FOREIGN COACHES and scientific inputs go into the making of top Indian athletes these days. But the moulding of Yohannan was almost crude. "Our athletic coach at Telco, Suresh Gujrati, was not a qualified coach but he was very creative in his techniques and passionate about his work.

Gaining good height during the flight stage helps long jumpers. Gujrati used to do a strange thing. He kept low hurdles towards the end of the runway to help us go high. That, I think, really helped my performance."

That being the situation, his jumps had a peculiar hang style. "I used to throw my hip forward at the end of the jump. That gave me almost an extra feet," explains Yohannan as he shows the photo sequence of his gold medal jump at the 1974 Teheran Asian Games. That jump, 8.07m, was a big one and it broke the Asian record. It also stood as an Indian record for 30 years.

But four years later, tragedy struck Yohannan. He suffered a major injury at the Patiala national camp in 1978. "There was rain, so they had dug a new sand pit. But it was very loose, my knee just sunk in. I tore my hamstring and was in heavy pain. When they took me to a hospital nearby, there was no doctor that day. My leg was put on traction and by the time the doctor came the next day, my leg had swollen heavily. The media got wind of my injury. `Indian sport crippled,' said the headlines."

When Telco got the news, they arranged for the best treatment. But the damage had been done. And it virtually ended Yohannan's jumping career. But Telco gave his official career a new lease of life. "Sensing that I was keen on going to Kerala after Suresh Babu and Reghunathan took up Government jobs closer home, they gave me a transfer to Kochi. And since I was keen on sales, they gave me special training. And when I came to Kerala in 1983, I did a fantastic job. Anyway, Tata vehicles were selling fast." He soon rose up the ranks and became the top man in the state.
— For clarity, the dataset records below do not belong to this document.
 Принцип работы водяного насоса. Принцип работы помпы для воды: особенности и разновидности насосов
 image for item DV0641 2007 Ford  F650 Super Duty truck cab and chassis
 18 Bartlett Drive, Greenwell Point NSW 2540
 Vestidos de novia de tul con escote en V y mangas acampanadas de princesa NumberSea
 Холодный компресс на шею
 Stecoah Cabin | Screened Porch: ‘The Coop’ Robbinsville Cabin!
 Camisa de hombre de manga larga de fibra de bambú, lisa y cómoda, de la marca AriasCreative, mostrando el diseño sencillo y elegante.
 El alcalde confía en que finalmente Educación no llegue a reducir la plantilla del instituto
AROUND THE TIME HIS SON TINU'S international cricket career appeared bright, Yohannan opted for VRS. "The scheme was very attractive," he says. "And it's been a very satisfied life. You realise that you've done something for the country. People recognise you everywhere."

But, during quiet afternoons, his mind wanders back to his Bhilai days — jumping from one railway platform to another, golf at the Bheldi Club, and receiving the upcoming golfer award from cricketer Mansur Ali Khan Pataudi after a tournament.